В. – Провокационный вопрос. Я был на концерте, где Вы аккомпанировали Алене Баевой Концерт Берга. Я иногда из любопытства слушаю фон Веберна, Берга, иногда читаю труды Шенберга, мне это интересно, как любому меломану. А Вам никогда не приходила такая крамольная мысль, что атональная музыка – это просто грандиозное эстетическое мошенничество. Именно как общая позиция. Я не беру отдельные приемы, а в целом как теорию? Или Вы эту музыку хорошо чувствуете, понимаете и могли бы выступить ее адвокатом?

А.
– Я не всю музыку принимаю. Додекафонная система уже давно устоялась, давно придумана Шенбергом. Это, действительно, сегодня кажется немножечко схоластикой. Но и у этих композиторов возникали совершенно гениальные произведения. Скрипичный концерт Берга для меня таковым и является. Там тоже есть в партитуре всякие криптограммы – то, что не интересует публику абсолютно. Но это вплетается в невероятной красоты музыку. Я не первый раз это дирижировал, а в первый раз, конечно, присутствовало чувство ужаса. Тогда я был очень молодой дирижер, а дело было в Словении, в Любляне. Словенцам очень близка эта музыка, дело в том, что они живут в той местности, откуда тема финала – каринтийская. Примерно то же могу сказать и в отношение Шенберга. Я далеко не все его сочинения играл, и они, признаться, не вызывали у меня особого восторга, но с огромным удовольствием я исполнял его сочинения преддодекафонного периода.

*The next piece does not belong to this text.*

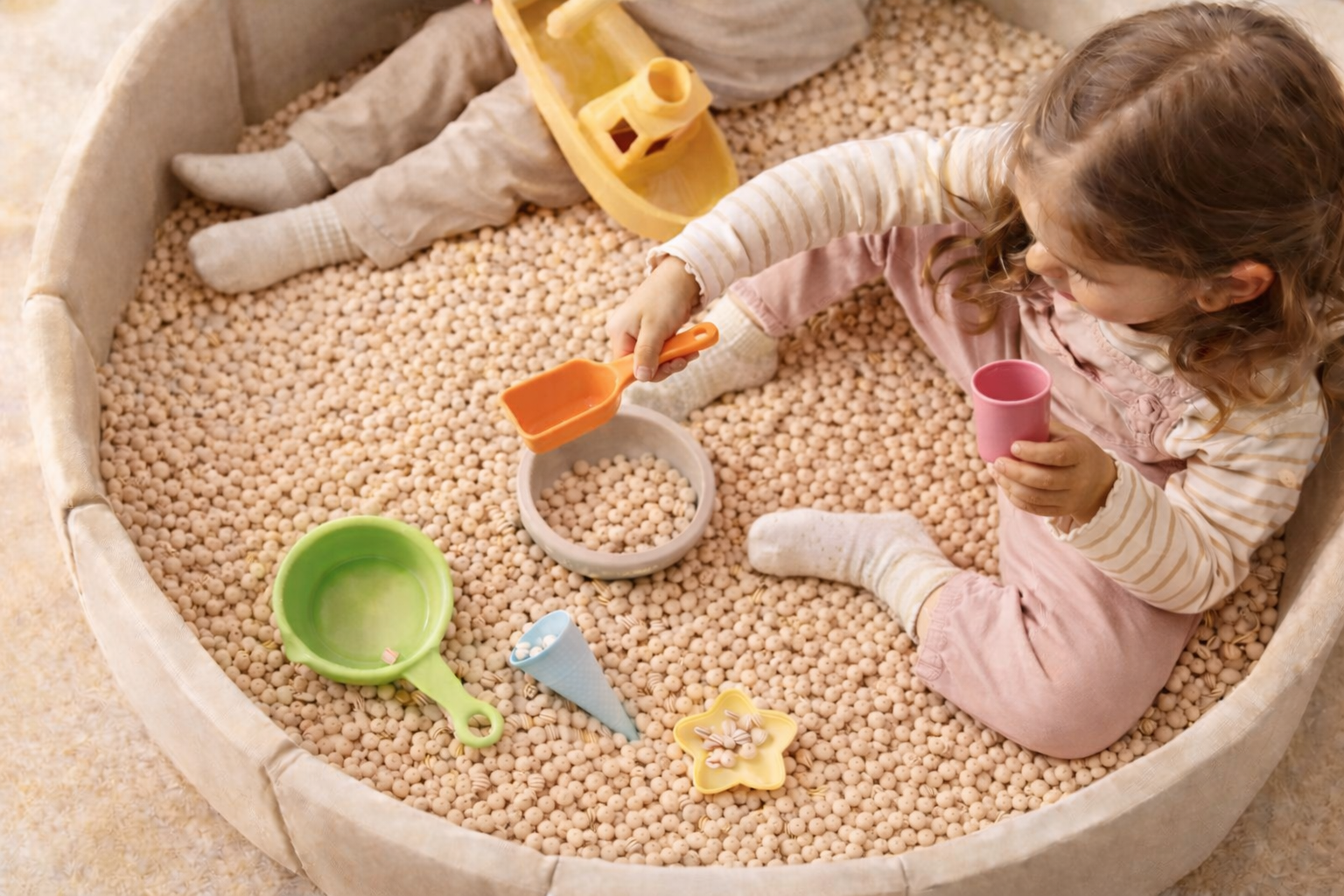 Ein Mädchen spielt in einem großen Sandkasten mit verschiedenen Spielsachen, darunter eine Schaufel, eine Tasse, eine Schüssel, eine Waffel-Form und ein kleines Boot.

В. – Полностью согласен с Вами. Та же «Просветленная ночь» - великолепная, пронзительная и очень доступная для рядового слушателя музыка.

А.
– Три раза ей дирижировал. Невероятной красоты сочинение, абсолютно могучее, полный тупик романтизма. Более романтичного нельзя было ничего уже и написать. Также и Берг. Но я все-таки не музыковед, а исполнитель. И если говорить обо мне, то не все сочинения меня, как исполнителя, трогают. И если у меня нет такого специального заказа (предположим от Концертгебау – там, если ты не постоянный приглашённый дирижер, ты не диктуешь свою программу). А мне говорят: хотите вот это продирижировать? Не хотите - мы другого найдем. Начинаешь думать и иногда соглашаешься дирижировать, просто потому что это заказ.

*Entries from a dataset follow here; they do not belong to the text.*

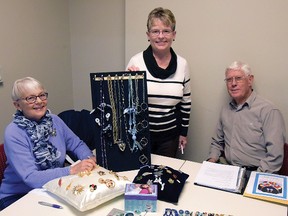 Donna Walton (left) and members of the Friends of the Tillsonburg Library Committee Elaine Balpataky and David Moule (president) display a small sample of gently-used jewellery that will be on sale at the library Saturday, May 2 (10-3) and Sunday, May 3 (1-3 p.m.). Eight tables of jewellery will be on sale in the Program Room. Proceeds go to youth summer programs at the library. (CHRIS ABBOTT/TILLSONBURG NEWS)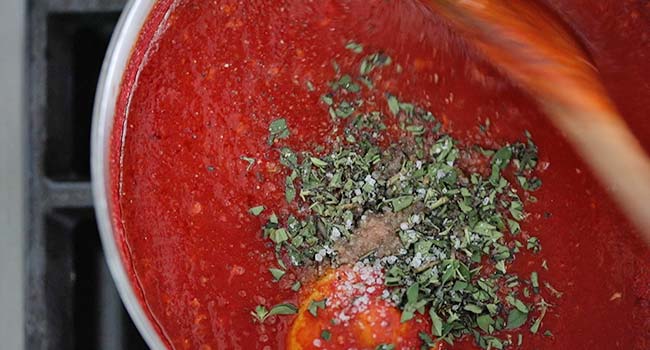 stirring in fresh oregano to tomato sauce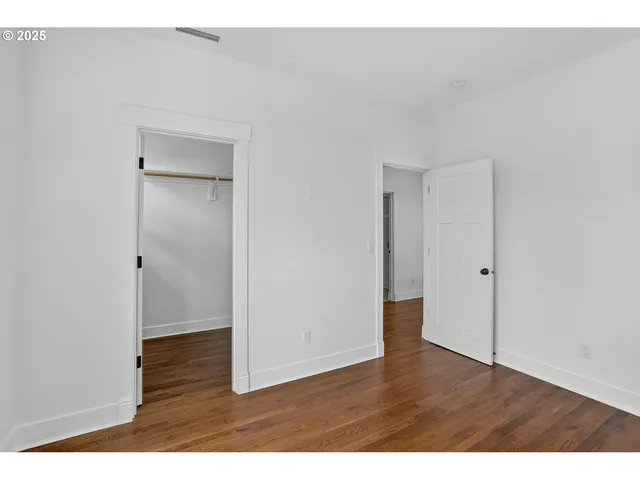 a view of an empty room with wooden floor and closet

ХОТЯ БЫ ДВА ЧЕЛОВЕКА В ЗАЛЕ ПОНИМАЮТ ВСЁ

В. – Какая музыка на сегодняшний день выражает Ваше мировоззрение в наибольшей степени?

А.
– Если говорить конкретно обо мне, то та, которой я сейчас дирижирую – это и Шуберт, и Мессиан. Наше дело, музыкантов-исполнителей, довольно простое – как можно более честно поговорить с незримым композитором, который это написал, постараться сначала с оркестром это сделать, а потом вынести на суд публики, ведь мы играем для публики. Вот вы мне сказали, что Афанасьеву всё равно, есть публика или нет. Есть такой московский режиссер Анатолий Васильев (Театр современной пьесы), который уехал на Запад, так у него вообще была теория, что идеальный театр должен находиться высоко в горах, чтобы тропинки были и потом кончились, и чтобы публика не нашла туда дорогу. Между прочим, Евгений Александрович Мравинский приблизительно то же самое говорил. Глен Гульд отказался от выступлений, отдав предпочтение студии. Есть такие музыканты, но мне больше нравится работать для живых слушателей. С другой стороны, мне все равно, сколько ее будет. Бывает, например, в Голландии, дирижируешь в каком-нибудь провинциальном городе, куда ты поехал с оркестром. А там система концертной работы очень отличается от нашей. Все оркестры ездят по всей Голландии. Ты можешь оказаться в Роттердаме, а можешь в какой-нибудь «деревне». Там приходит очень возрастная публика, в основном «седые головы», их немного, но мне все равно, сколько их пришло.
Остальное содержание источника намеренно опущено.